Joined: Mon Aug 07, 2006 5:07 am
Posts: 56
You can choose how you select your properties
http://docs.jboss.org/hibernate/stable/core/reference/en/html/queryhql.html#queryhql-select

I would do something like
Code:
Query q = session.createQuery("select e.firstName, e.lastName, d.departmentName from Employee e inner join employee.department as d");

Or, more readable:
select e.firstName, e.lastName, d.departmentName
from Employee e
inner join employee.department as d

I don't know whether the join in the where clause works in HQL. And especially, you should then be doing where e.department.id as department has a getId() method. Your employee shouldn't have a getDepartmentId() method but a getDepartment() method which returns a Department instance.
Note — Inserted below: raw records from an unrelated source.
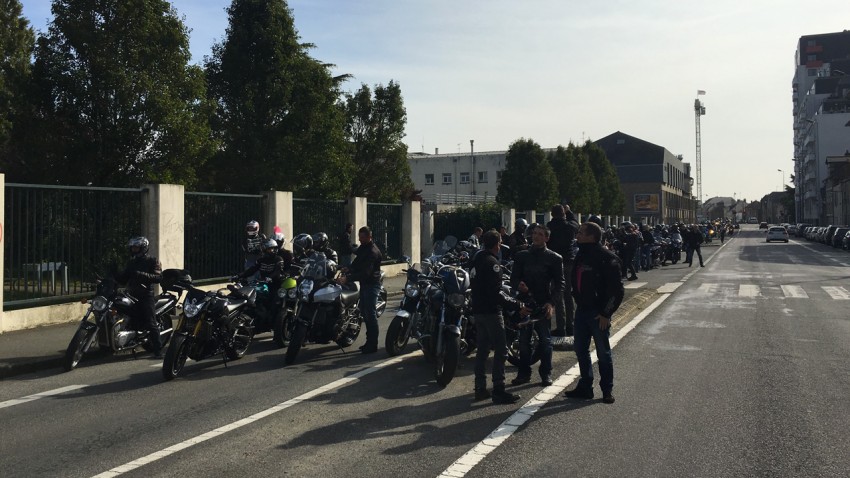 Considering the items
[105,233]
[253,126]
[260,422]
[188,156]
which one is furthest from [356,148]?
[260,422]

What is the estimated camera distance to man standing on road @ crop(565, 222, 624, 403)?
6.68 metres

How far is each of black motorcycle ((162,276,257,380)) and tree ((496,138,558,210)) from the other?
35.3 m

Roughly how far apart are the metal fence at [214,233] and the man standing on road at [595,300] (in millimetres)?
9363

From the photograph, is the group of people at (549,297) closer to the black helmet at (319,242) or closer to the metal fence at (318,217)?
the black helmet at (319,242)

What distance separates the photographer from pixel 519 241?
12.6 m

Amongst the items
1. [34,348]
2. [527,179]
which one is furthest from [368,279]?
[527,179]

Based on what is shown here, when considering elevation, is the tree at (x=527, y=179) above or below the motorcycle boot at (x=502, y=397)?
above

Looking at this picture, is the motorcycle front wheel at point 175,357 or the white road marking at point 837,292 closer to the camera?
the motorcycle front wheel at point 175,357

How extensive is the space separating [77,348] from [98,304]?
570mm

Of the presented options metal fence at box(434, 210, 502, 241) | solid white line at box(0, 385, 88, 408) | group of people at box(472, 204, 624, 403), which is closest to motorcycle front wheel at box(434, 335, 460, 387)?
group of people at box(472, 204, 624, 403)

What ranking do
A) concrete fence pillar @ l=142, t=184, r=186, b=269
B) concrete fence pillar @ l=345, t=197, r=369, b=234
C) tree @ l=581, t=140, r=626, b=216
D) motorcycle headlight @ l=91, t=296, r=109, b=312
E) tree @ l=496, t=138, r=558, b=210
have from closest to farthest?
motorcycle headlight @ l=91, t=296, r=109, b=312 < concrete fence pillar @ l=142, t=184, r=186, b=269 < concrete fence pillar @ l=345, t=197, r=369, b=234 < tree @ l=496, t=138, r=558, b=210 < tree @ l=581, t=140, r=626, b=216

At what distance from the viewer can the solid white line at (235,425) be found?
4863 mm

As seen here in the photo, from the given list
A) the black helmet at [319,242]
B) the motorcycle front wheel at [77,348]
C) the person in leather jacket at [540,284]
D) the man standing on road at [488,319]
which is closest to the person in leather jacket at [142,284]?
the motorcycle front wheel at [77,348]

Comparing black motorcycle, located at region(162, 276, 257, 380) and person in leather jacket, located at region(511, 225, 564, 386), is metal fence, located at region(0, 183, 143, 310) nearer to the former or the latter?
black motorcycle, located at region(162, 276, 257, 380) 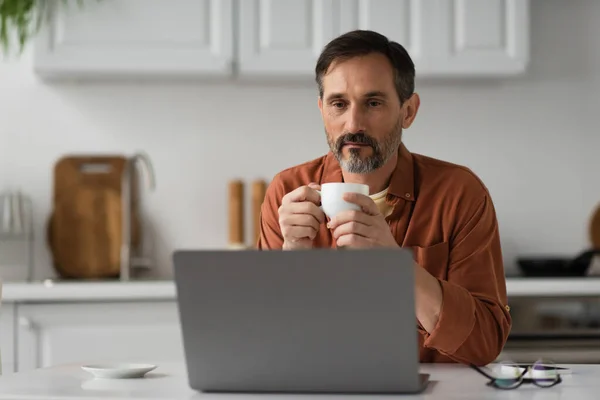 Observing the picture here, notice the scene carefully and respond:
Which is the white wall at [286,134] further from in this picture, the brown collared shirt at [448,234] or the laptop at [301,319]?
the laptop at [301,319]

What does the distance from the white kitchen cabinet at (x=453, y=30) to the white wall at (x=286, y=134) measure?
0.35 m

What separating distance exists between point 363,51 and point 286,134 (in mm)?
1731

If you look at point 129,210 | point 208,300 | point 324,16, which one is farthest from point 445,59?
point 208,300

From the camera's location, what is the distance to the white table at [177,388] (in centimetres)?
122

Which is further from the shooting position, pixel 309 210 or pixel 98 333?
pixel 98 333

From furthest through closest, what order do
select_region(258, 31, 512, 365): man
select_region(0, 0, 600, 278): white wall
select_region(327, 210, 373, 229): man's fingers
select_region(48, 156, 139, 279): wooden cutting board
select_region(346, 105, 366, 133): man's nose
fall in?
select_region(0, 0, 600, 278): white wall < select_region(48, 156, 139, 279): wooden cutting board < select_region(346, 105, 366, 133): man's nose < select_region(258, 31, 512, 365): man < select_region(327, 210, 373, 229): man's fingers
The more sophisticated way is returning a map of aliasses and select values, like this:
Code:
Query q = session.createQuery("select new map(e.firstName as firstName, e.lastName as lastName, d.departmentName as department) from Employee e inner join employee.department as d");

Or, more readable:
select new map(e.firstName as firstName, e.lastName as lastName, d.departmentName as department)
from Employee e
inner join employee.department as d

Or just do "from Employee" and do the necessary getters (if you do getDepartment() he will join automatically or execute a "select ... from department where department_id = ...." query with the department_id found in the employee.